**Exercise details**
All of the entries below should be printed exactly; the pictures are to be left out.

**Supplied data**
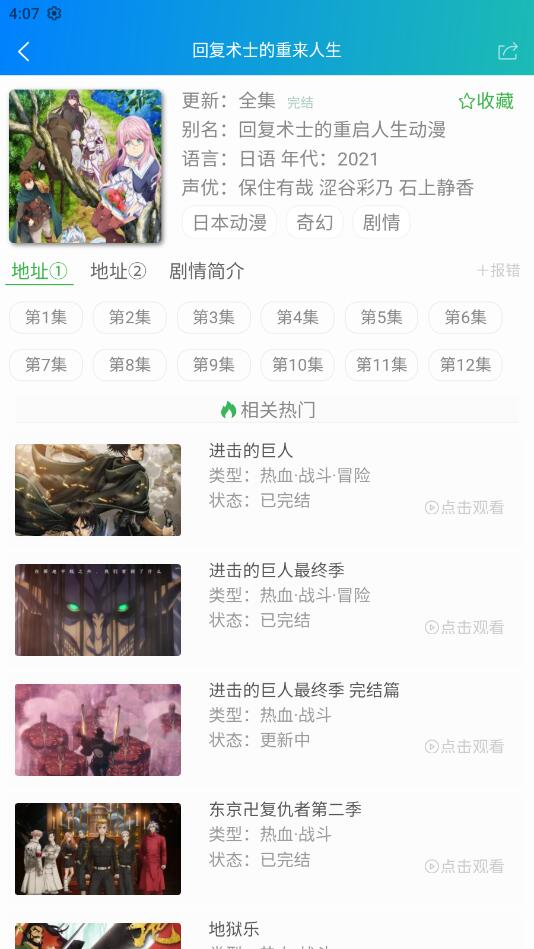 漫岛动漫 官网下载最新版手机软件app截图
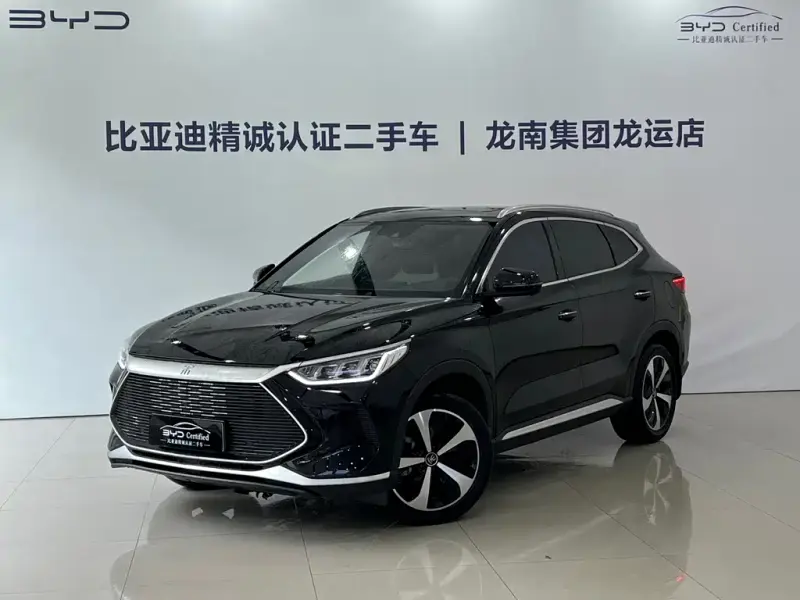 BYD PLUS New Energy, 2023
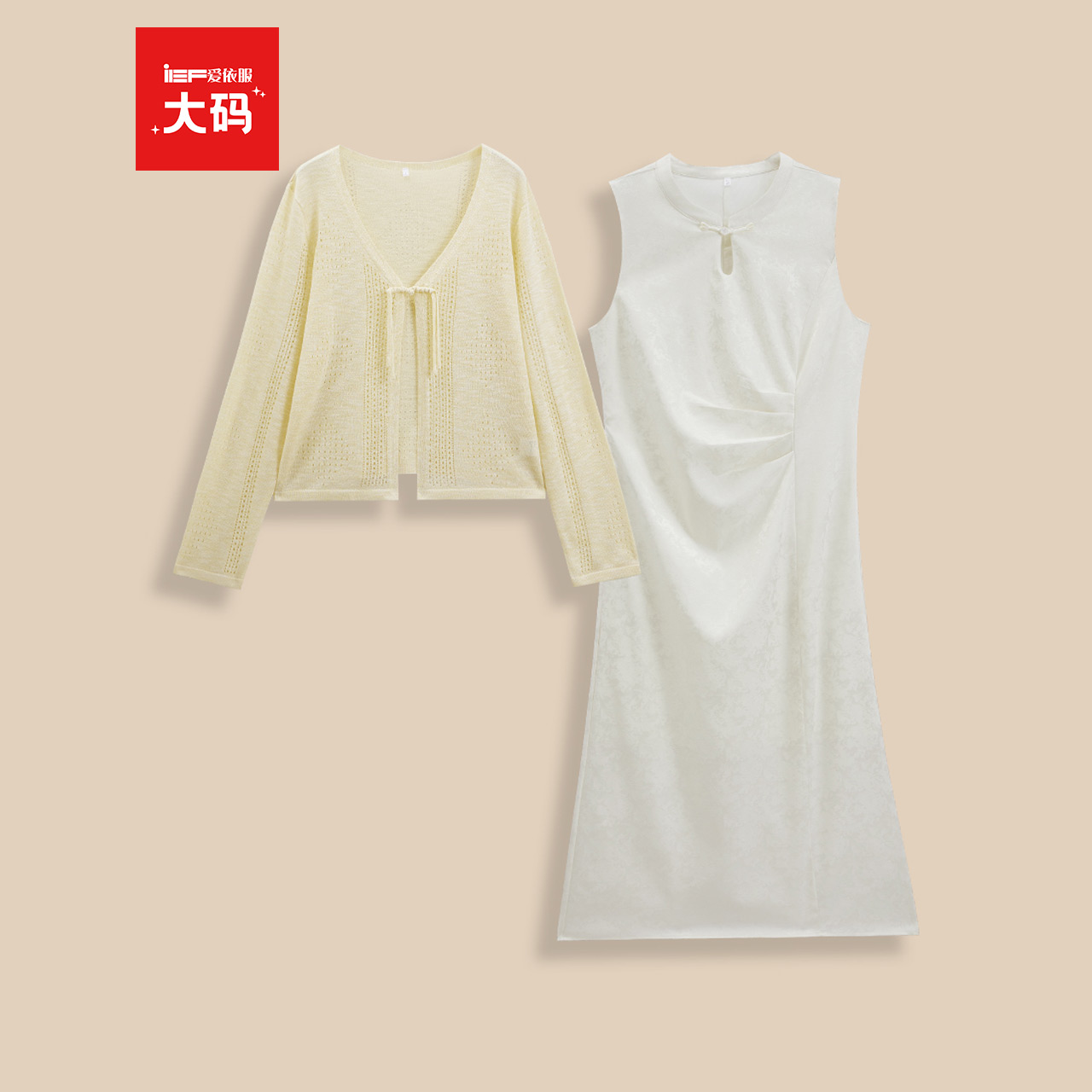 IEF/爱依服【大码女装】2025超火两件套秋减龄长袖开衫连衣中长裙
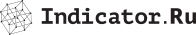 Индикатор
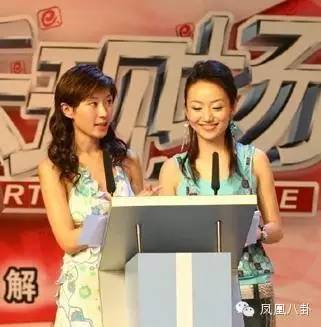 她曾主持界一姐，当红时突然消失，如今谜团解开…
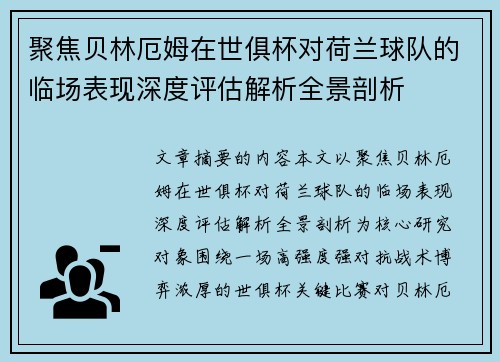 聚焦贝林厄姆在世俱杯对荷兰球队的临场表现深度评估解析全景剖析
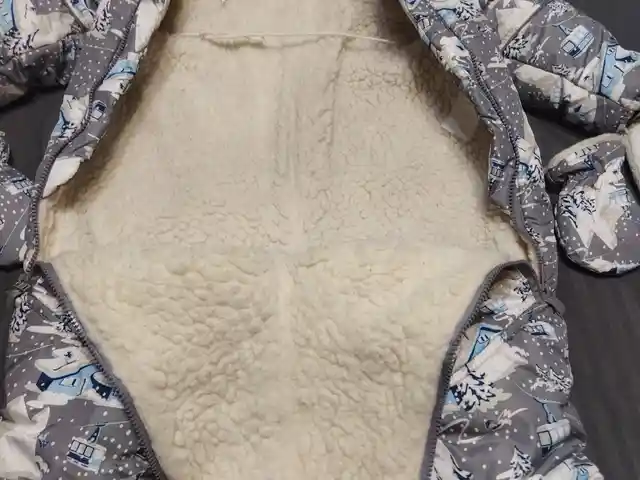 Зимний тёплый комбинезон, Душанбе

**Solution below**
 漫岛动漫 官网下载最新版手机软件app截图
 BYD PLUS New Energy, 2023
 IEF/爱依服【大码女装】2025超火两件套秋减龄长袖开衫连衣中长裙
 Индикатор
 她曾主持界一姐，当红时突然消失，如今谜团解开…
 聚焦贝林厄姆在世俱杯对荷兰球队的临场表现深度评估解析全景剖析
 Зимний тёплый комбинезон, Душанбе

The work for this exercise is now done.